Sabemos que la autenticidad de nuestra fidelidad al Evangelio también se verifica sobre la base de la atención y la solicitud concreta que nos esforzamos por manifestar al prójimo, especialmente a los más débiles y marginados. La atención al otro implica desear su bien, en todos los aspectos: físico, moral y espiritual. Aunque la cultura contemporánea parece haber perdido el sentido del bien y del mal, es preciso reafirmar con fuerza que el bien existe y triunfa. Así pues, la responsabilidad hacia el prójimo significa querer y hacer el bien al otro, deseando que se abra a la lógica del bien; interesarse por el hermano significa abrir los ojos a sus necesidades, superando la dureza del corazón que no nos deja ver los sufrimientos de los demás. De este modo, el servicio caritativo se convierte en una forma privilegiada de evangelización, a la luz de la enseñanza de Jesús, que considerará hecho a él mismo cuanto hagamos a nuestros hermanos, especialmente a los más pequeños y abandonados (cf. Mt 25, 40). Es necesario armonizar nuestro corazón con el corazón de Cristo, para que el apoyo amoroso ofrecido a los demás se traduzca en participación y comunión consciente en sus sufrimientos y en sus esperanzas, haciendo así visible, por una parte, la misericordia infinita de Dios hacia todos los hombres, que brilla en el rostro de Cristo; y, por otra, nuestra fe en él. El encuentro con el otro y la apertura del corazón a sus necesidades son una ocasión de salvación y de bienaventuranza.

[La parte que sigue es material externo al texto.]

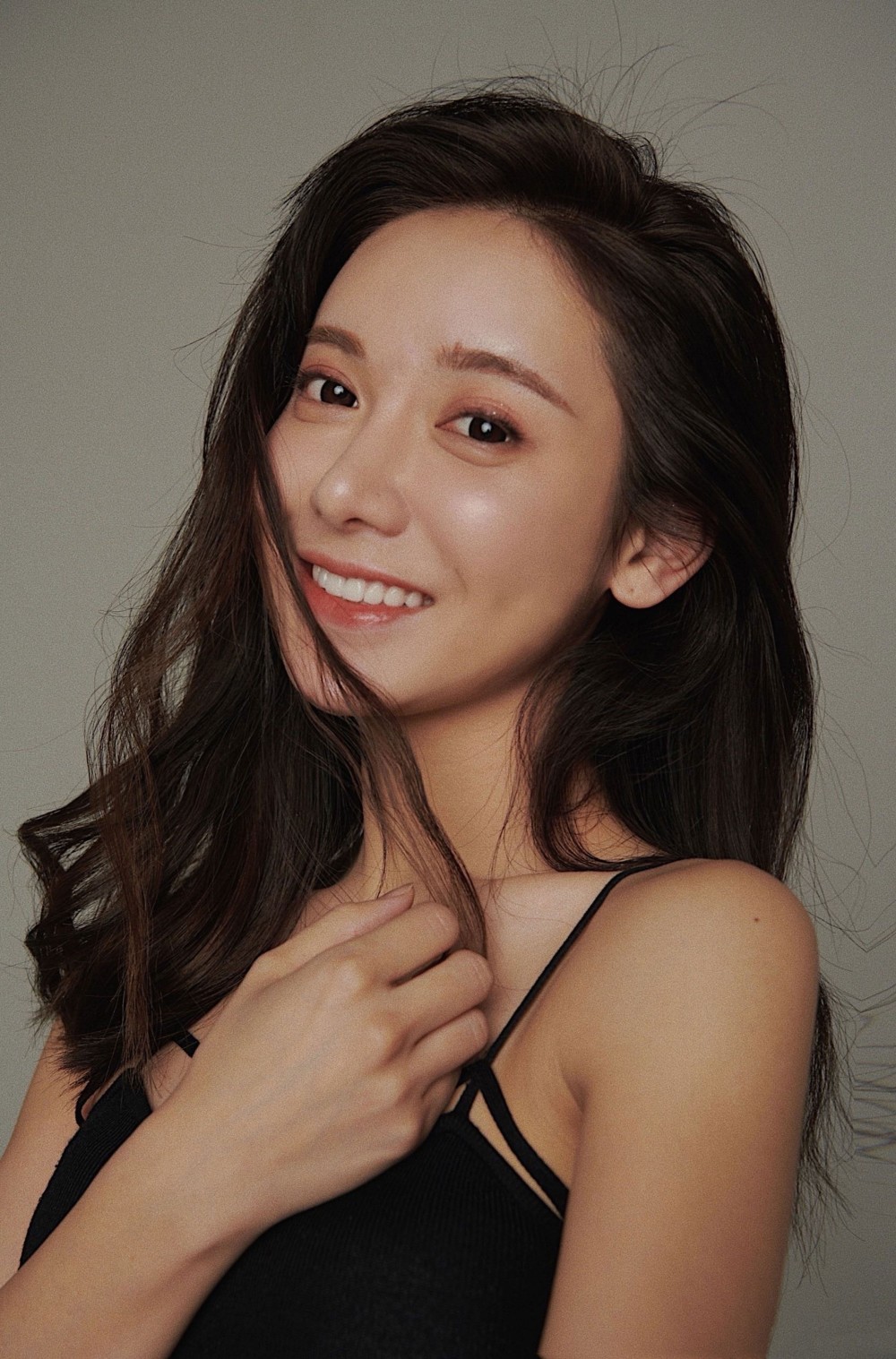 中国美女记者美娜,第一次近距离用中文采访詹姆斯_腾讯新闻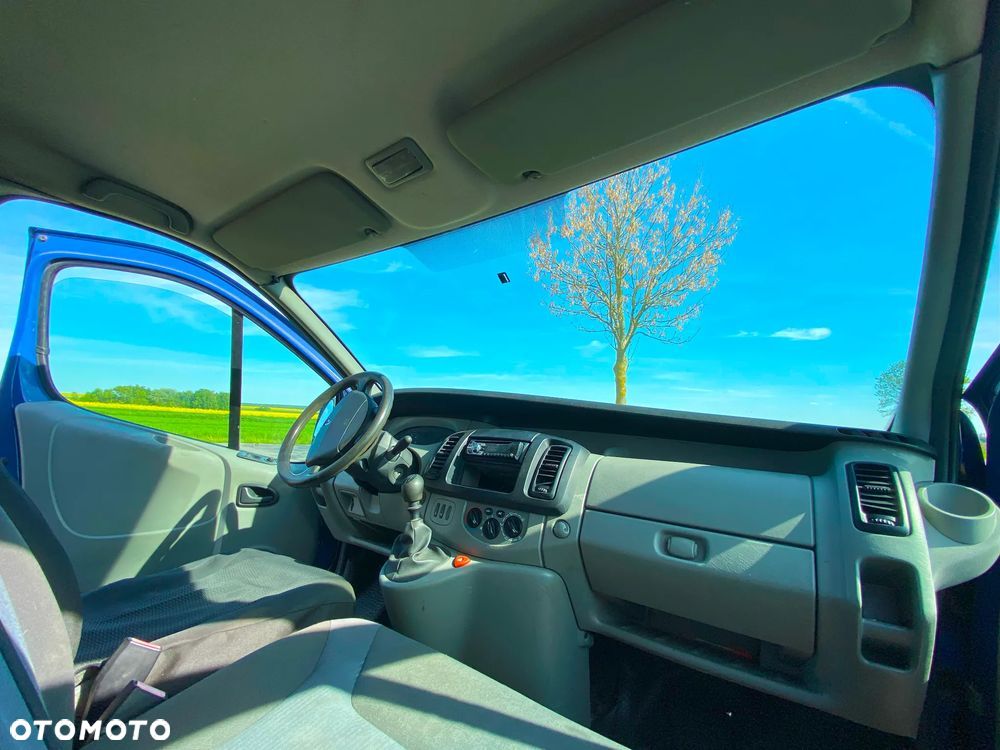 Renault TRAFIC - 15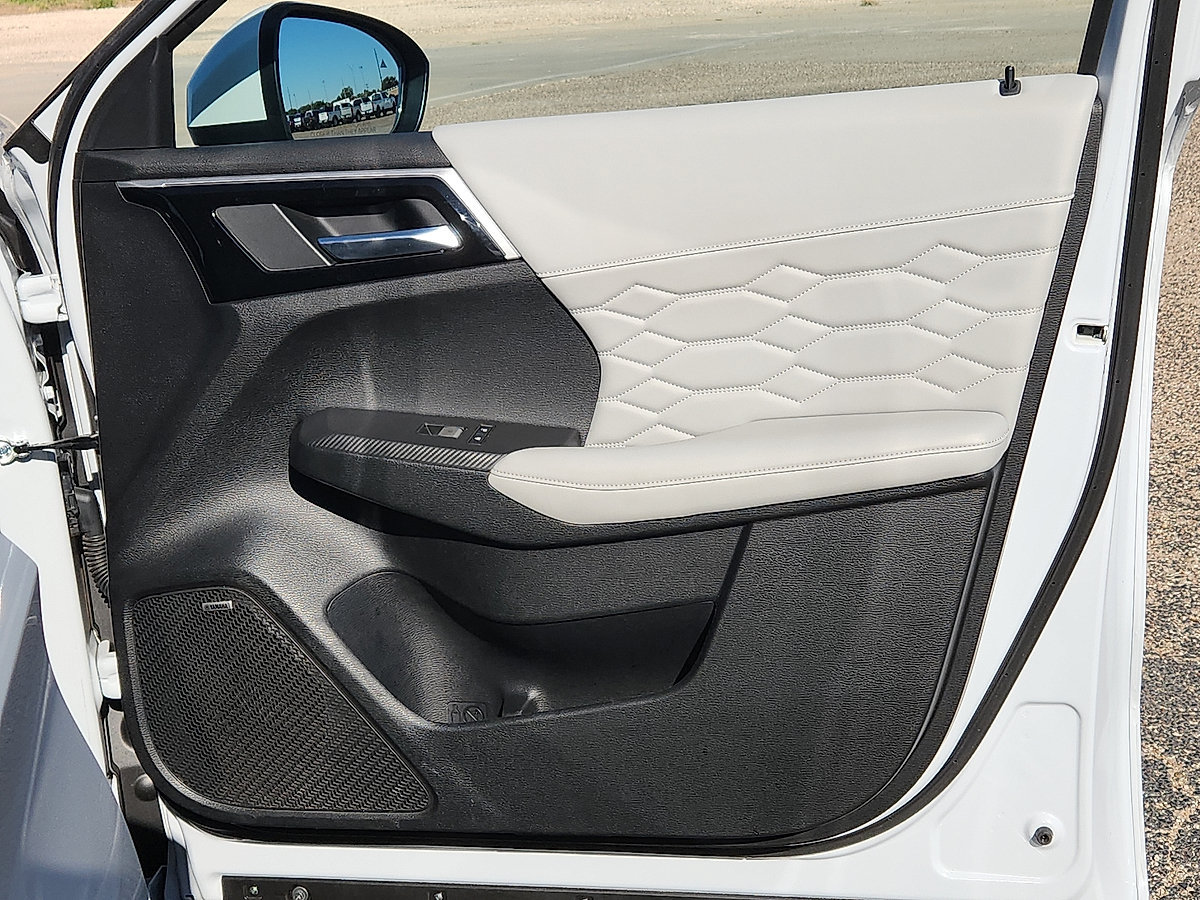 Used 2025 Mitsubishi Outlander SEL FWD image 8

Queridos socios del Círculo de San Pedro, como todos los años, hoy habéis venido a entregarme el óbolo para la caridad del Papa que habéis recogido en las parroquias de Roma. Ese óbolo representa una ayuda concreta ofrecida al Sucesor de Pedro, para que pueda responder a las innumerables peticiones que le llegan de todas las partes del mundo, especialmente de los países más pobres. Os agradezco de corazón toda la actividad que realizáis generosamente y con espíritu de sacrificio, y que nace de vuestra fe, de la relación con el Señor cultivada cada día. Fe, caridad y testimonio deben seguir siendo las líneas directrices de vuestro apostolado. Además, ¿cómo no recordar vuestra presencia durante las celebraciones litúrgicas en la basílica de San Pedro? Esa presencia redunda principalmente en vuestro honor, puesto que con ella manifestáis la constante entrega y la fidelidad devota que os unen a la Sede del apóstol Pedro. Que el Señor os recompense y colme de bendiciones a vuestro Círculo; que ayude a cada uno de vosotros a realizar su vocación cristiana en la familia, en el trabajo y en vuestra asociación.
Queridos amigos, a la vez que os renuevo mi aprecio por el servicio que prestáis a la Iglesia, os encomiendo, juntamente con vuestras familias, a la intercesión materna de la Virgen María, Salus populi romani, y de vuestros santos protectores. Por mi parte, os aseguro mi recuerdo en la oración por vosotros, por cuantos os acompañan en las diversas iniciativas y por quienes encontráis en vuestro apostolado diario, mientras imparto con afecto a todos una especial bendición apostólica.